In the records below, reproduce exactly the lines from the one containing "Artificial Intelligence: superster" through the one containing "- @avelinopoe - TikTok", both included, and omit the pictures.

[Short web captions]
= = = = =

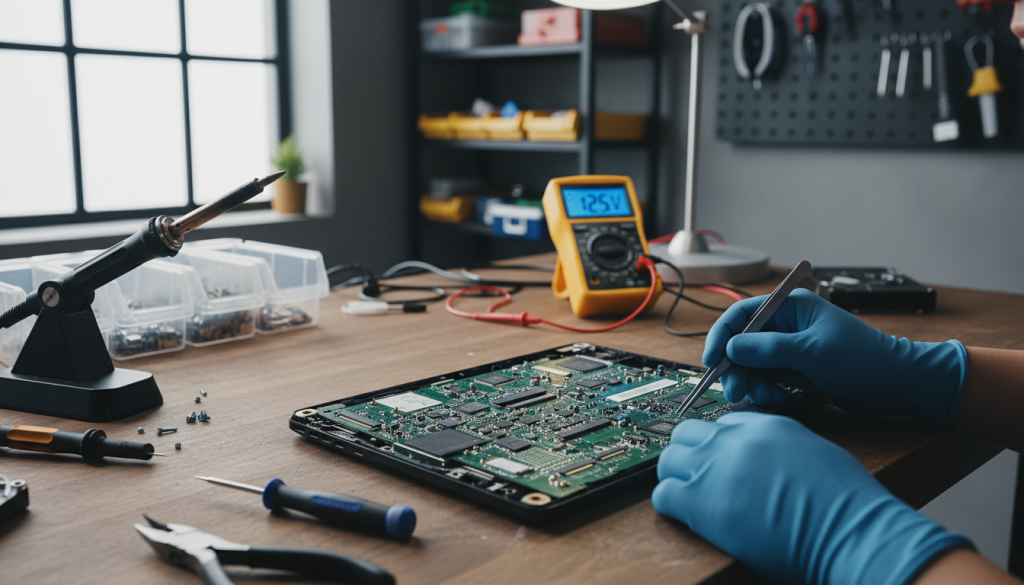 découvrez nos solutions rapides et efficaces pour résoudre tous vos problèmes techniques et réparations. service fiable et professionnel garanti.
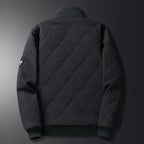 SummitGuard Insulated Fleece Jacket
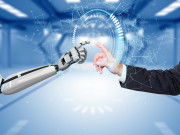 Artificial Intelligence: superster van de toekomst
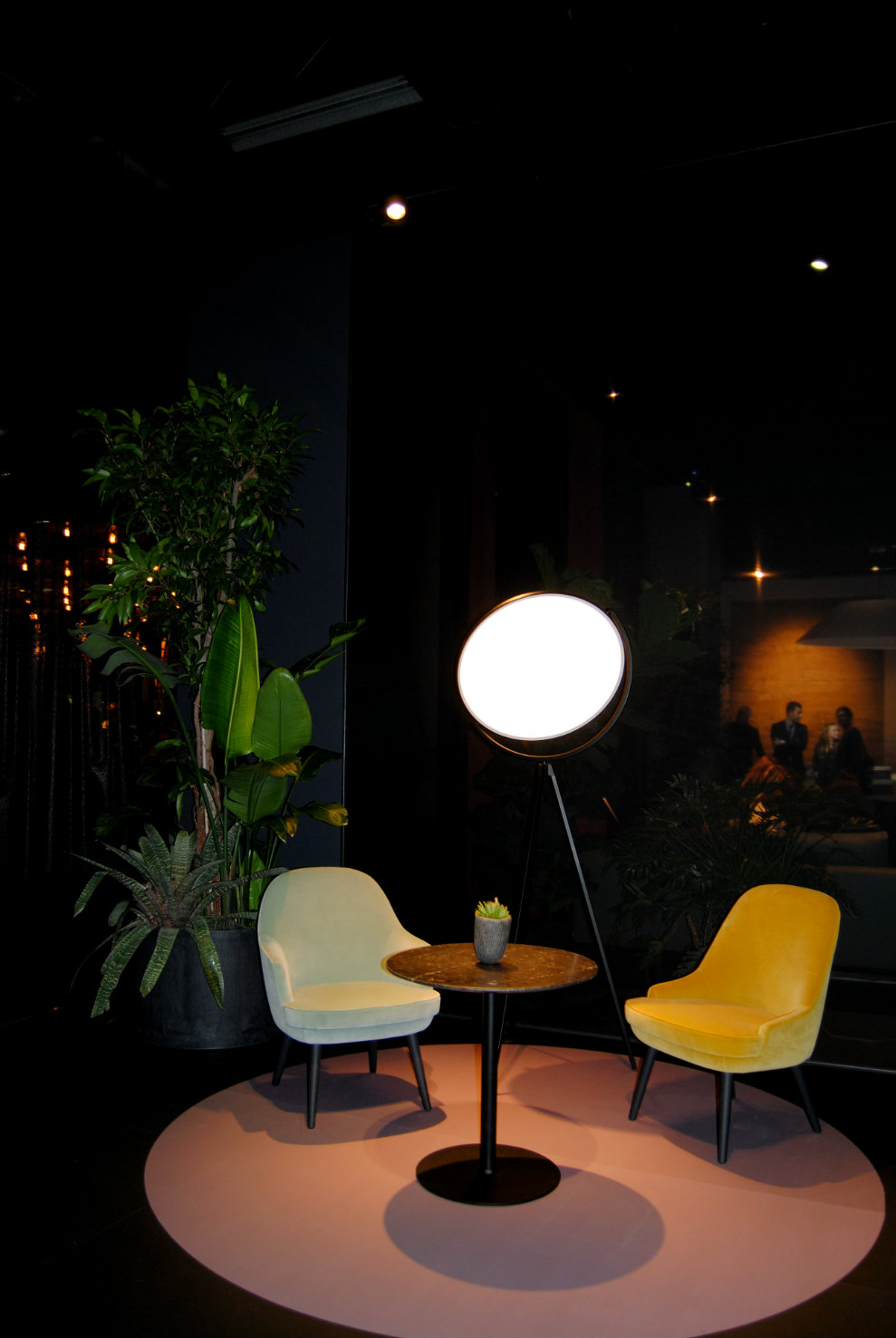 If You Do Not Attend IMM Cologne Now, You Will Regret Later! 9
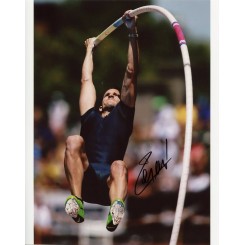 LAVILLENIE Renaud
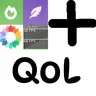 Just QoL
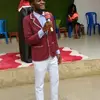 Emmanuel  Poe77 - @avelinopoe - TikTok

= = = = =

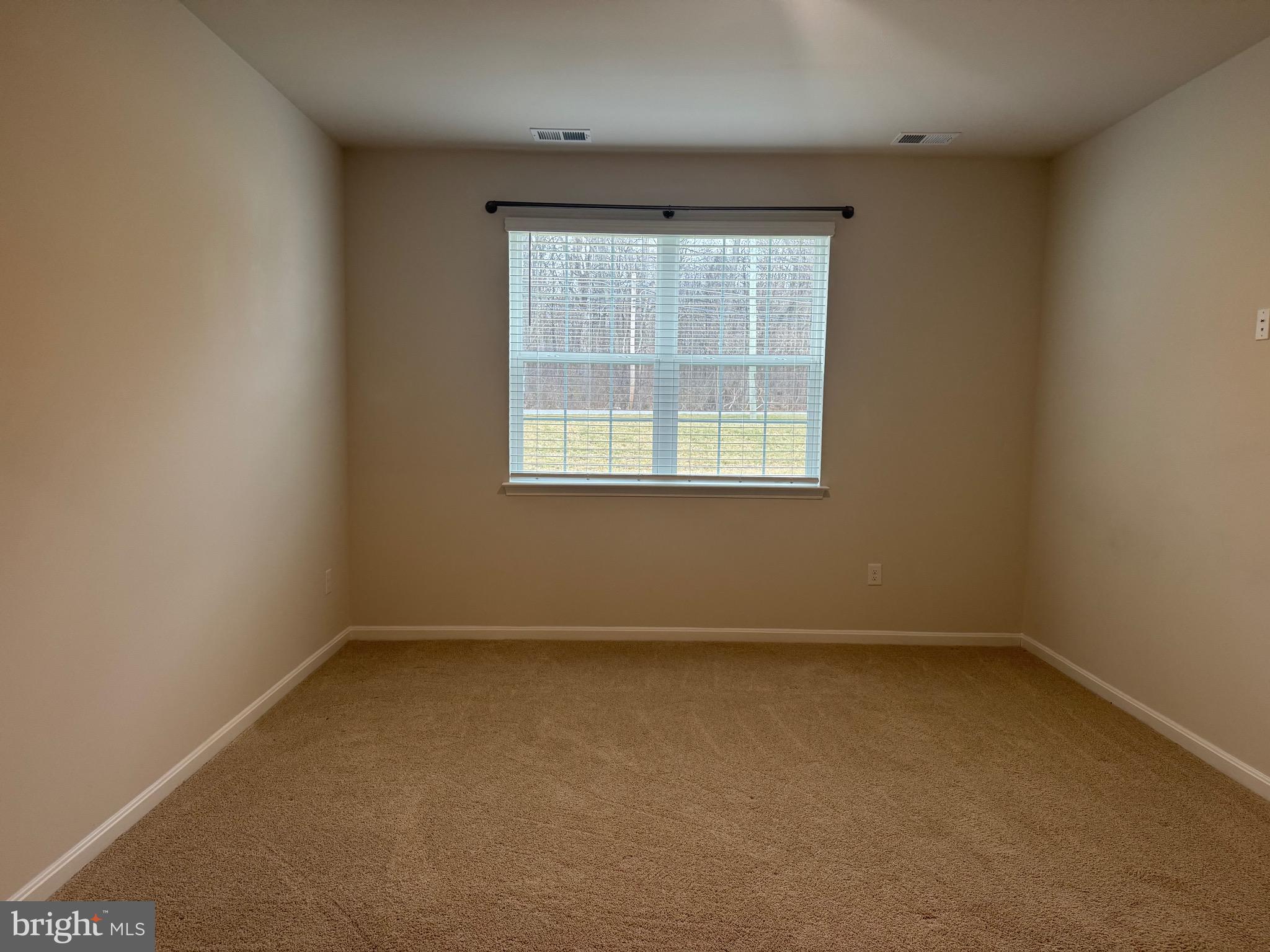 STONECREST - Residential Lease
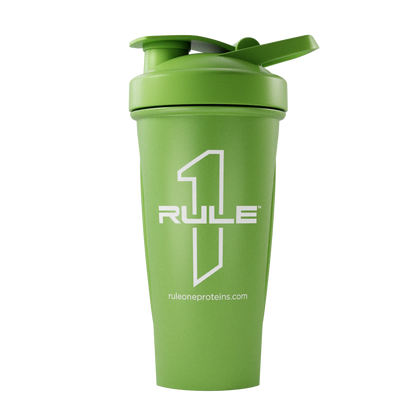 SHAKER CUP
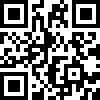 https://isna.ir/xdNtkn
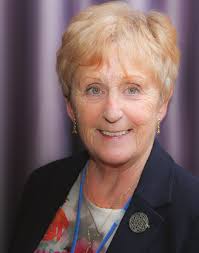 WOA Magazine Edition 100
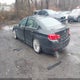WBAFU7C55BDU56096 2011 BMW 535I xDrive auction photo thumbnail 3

= = = = =

SOLUTION:
 Artificial Intelligence: superster van de toekomst
 If You Do Not Attend IMM Cologne Now, You Will Regret Later! 9
 LAVILLENIE Renaud
 Just QoL
 Emmanuel  Poe77 - @avelinopoe - TikTok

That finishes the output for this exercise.